Materials and Methods Reagents and Graphical Methodology for Nanoparticle Preparation. Silver nitrate (AgNO3) crystals, HPLC grade Methanol, Ethanol and Diethyl Ether were purchased from Fischer Scientific Chemicals (United Kingdom). Distilled de-ionized water (DDW) was used in all the experiments. Folin-ciocalteus’s phenol reagent (2N), NaOH, FeCl3, and Gallic Acid of analytical grade were purchased from Sigma-Aldrich (Germany). The instruments used were UV-1700 Pharmaspec spectrophotometer, FTIR-JAS-CO 4100, Philips Technai-FE 12 TEM, thermo-shaker (Gallenkamp).

Nano Hybrids and Composites Vol. 25 33

A leaf extract of Eucalyptus corymbia was prepared by weighing 5g of green leaves. The leaves were properly washed in distilled de-ionised water, chopped into small pieces and transferred to 250ml Erlenmeyer flask containing 100ml of distilled water. The mixture was boiled at 90oC for 5 minutes before filtering using whatman filter paper. The filtrate obtained was centrifuged at 15000rpm for 10 minutes and stored at 4oC for subsequent use within the next seven days after extraction. The whole procedure is summarized in Fig. 1, below.

Figure 1: A Chart Illustrating Preparation of Eucalyptus Corymbia Leaf Extract.

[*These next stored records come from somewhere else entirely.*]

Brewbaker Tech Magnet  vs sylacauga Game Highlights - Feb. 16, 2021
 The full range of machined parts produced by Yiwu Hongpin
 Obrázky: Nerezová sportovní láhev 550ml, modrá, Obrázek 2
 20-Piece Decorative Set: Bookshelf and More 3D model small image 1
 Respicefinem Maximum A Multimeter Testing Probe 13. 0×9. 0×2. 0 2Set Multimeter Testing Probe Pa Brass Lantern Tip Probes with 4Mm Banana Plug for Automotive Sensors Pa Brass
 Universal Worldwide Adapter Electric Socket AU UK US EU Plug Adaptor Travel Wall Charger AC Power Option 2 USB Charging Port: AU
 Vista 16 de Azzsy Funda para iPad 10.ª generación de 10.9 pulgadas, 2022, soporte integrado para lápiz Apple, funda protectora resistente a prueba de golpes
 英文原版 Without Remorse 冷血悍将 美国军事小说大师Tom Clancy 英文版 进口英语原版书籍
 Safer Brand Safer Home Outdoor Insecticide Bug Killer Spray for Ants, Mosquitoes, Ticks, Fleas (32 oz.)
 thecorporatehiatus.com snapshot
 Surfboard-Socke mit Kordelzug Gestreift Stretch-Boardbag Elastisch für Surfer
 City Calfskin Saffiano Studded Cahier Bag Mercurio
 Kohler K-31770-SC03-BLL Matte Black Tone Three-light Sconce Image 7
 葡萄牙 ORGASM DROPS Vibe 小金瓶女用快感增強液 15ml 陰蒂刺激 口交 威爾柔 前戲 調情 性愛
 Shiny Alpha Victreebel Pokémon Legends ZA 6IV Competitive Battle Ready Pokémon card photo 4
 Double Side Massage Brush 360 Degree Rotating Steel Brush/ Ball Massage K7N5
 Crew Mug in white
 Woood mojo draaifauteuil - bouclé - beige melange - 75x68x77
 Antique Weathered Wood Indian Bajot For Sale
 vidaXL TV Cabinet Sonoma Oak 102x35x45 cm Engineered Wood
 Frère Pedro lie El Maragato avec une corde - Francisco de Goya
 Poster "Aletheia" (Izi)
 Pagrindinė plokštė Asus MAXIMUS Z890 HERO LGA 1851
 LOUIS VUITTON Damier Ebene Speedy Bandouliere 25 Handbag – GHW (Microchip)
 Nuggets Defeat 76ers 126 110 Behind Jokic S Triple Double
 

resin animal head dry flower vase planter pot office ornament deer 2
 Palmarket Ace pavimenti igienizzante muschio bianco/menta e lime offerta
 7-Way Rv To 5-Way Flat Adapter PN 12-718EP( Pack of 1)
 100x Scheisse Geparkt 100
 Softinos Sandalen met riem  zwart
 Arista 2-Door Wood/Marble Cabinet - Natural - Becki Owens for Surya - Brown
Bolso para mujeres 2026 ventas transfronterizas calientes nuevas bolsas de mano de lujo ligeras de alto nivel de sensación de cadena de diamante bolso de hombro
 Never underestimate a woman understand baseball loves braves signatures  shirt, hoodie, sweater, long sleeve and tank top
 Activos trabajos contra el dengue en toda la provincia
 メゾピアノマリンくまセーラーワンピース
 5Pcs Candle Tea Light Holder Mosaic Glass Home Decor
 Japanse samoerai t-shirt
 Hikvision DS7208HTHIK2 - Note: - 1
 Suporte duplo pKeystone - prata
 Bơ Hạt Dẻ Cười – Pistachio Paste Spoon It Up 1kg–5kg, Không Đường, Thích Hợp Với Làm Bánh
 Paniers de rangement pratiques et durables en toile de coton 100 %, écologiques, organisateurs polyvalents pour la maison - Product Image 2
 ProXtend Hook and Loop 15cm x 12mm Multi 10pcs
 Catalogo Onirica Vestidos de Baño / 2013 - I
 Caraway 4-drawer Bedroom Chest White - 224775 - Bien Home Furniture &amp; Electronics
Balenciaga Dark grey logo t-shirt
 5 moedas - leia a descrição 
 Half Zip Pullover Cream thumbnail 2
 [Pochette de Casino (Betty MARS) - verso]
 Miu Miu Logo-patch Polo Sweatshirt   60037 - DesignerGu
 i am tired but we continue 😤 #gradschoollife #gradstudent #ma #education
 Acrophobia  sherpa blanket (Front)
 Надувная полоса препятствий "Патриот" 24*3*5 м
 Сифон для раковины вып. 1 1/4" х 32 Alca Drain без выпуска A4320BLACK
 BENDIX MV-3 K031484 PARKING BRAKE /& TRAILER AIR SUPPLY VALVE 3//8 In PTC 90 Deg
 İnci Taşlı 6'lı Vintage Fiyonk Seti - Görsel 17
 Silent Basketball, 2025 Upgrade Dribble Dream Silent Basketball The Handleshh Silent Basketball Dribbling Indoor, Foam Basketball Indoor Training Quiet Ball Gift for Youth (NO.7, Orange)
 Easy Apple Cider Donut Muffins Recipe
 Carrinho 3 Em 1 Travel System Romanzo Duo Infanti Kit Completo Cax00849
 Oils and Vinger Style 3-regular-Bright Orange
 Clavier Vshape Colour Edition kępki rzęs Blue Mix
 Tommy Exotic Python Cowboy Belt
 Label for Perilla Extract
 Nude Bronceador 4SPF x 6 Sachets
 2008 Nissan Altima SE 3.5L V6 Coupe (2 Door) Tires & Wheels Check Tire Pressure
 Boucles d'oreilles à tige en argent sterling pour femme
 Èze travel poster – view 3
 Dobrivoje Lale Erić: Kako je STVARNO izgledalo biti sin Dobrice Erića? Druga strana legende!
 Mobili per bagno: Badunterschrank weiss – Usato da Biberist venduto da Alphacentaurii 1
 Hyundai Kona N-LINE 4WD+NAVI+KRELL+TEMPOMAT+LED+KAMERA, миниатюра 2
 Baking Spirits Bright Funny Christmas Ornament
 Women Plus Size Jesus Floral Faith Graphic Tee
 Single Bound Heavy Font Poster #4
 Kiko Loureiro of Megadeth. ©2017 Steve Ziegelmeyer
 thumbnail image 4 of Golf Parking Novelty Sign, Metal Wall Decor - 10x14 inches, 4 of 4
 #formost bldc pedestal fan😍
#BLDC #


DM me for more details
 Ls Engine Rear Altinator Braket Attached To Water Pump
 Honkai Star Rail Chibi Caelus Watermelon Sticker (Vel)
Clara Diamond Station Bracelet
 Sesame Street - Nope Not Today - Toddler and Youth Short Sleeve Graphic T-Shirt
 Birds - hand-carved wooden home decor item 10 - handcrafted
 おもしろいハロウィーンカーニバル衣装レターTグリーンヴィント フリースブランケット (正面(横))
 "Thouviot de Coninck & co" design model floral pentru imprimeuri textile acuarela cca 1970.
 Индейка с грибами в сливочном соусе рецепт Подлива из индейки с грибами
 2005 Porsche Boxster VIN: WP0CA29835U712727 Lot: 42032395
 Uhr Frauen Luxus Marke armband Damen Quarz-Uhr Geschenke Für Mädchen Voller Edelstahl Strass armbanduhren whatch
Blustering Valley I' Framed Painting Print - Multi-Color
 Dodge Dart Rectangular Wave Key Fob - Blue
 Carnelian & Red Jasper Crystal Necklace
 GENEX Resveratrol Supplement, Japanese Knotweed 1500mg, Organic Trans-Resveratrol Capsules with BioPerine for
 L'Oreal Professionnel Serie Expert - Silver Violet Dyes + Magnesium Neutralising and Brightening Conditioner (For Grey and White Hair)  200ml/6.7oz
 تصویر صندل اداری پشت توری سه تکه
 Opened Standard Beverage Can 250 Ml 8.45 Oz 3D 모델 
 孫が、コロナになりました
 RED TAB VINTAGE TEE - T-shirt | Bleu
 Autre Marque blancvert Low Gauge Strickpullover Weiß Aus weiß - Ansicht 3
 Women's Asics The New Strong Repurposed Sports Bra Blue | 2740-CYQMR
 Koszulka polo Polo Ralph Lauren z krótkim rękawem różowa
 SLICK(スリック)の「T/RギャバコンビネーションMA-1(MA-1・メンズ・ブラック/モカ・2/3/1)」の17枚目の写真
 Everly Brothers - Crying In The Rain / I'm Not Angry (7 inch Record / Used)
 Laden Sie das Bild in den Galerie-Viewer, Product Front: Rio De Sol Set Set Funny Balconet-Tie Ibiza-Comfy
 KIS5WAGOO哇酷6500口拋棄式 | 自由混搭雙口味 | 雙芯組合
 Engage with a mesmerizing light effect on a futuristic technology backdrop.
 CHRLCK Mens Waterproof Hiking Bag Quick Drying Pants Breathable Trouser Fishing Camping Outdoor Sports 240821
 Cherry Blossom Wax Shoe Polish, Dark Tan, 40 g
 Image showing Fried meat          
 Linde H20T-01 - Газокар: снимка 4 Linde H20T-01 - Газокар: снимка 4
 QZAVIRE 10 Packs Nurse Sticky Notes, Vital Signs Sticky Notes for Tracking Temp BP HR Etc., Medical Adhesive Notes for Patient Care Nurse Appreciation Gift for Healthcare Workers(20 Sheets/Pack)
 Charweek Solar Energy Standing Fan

Confirmatory Test for Phenolic Compound in the Leaf Extract. An aliquot of Folin-ciocalteus’s phenol reagent (2N) was added to 5mLs of the leaf extract and the colour change recorded [22] to verify presence or absence of phenolic compounds in the extract. Absence of these substances would signify that the extract could not play the reductant/stabilizing role during the process of nanostructurization. Synthesis of Slver Nanoparticles (AgNPs). Exactly 1.7g of silver nitrate salt was dissolved in 10mL of distilled de-ionized water to make a 1M solution. An aqueous solution of 1mM AgNO3 was prepared from 1 ml of 1M AgNO3 in a litre of distilled de-ionized water. Different volumes of the leaf extracts were added slowly to varying amounts of aqueous silver nitrate solutions in a 250ml Erlenmeyer flask and stirred vigorously. This procedure was repeated for preparation of 0.8mM, 0.6mM, 0.4mM and 0.2mM of silver nanoparticles. An analysis was done on the resulting solutions. UV-Vis Procedures Preparation of Solutions for Optimization using UV-Vis. All solutions prepared for UV-Vis analysis were diluted ten times before the analysis was done. All the UV-Vis analysis were done using UV-VIS double beam spectrophotometer [UV-1700 pharmaspec UV-Vis spectrophotometer (shimadzu)]. Scanning of the spectra was done between 200-700nm at a resolution of 1 nm using quartz cuvette. Baseline correction was done using de-ionized water as the blank.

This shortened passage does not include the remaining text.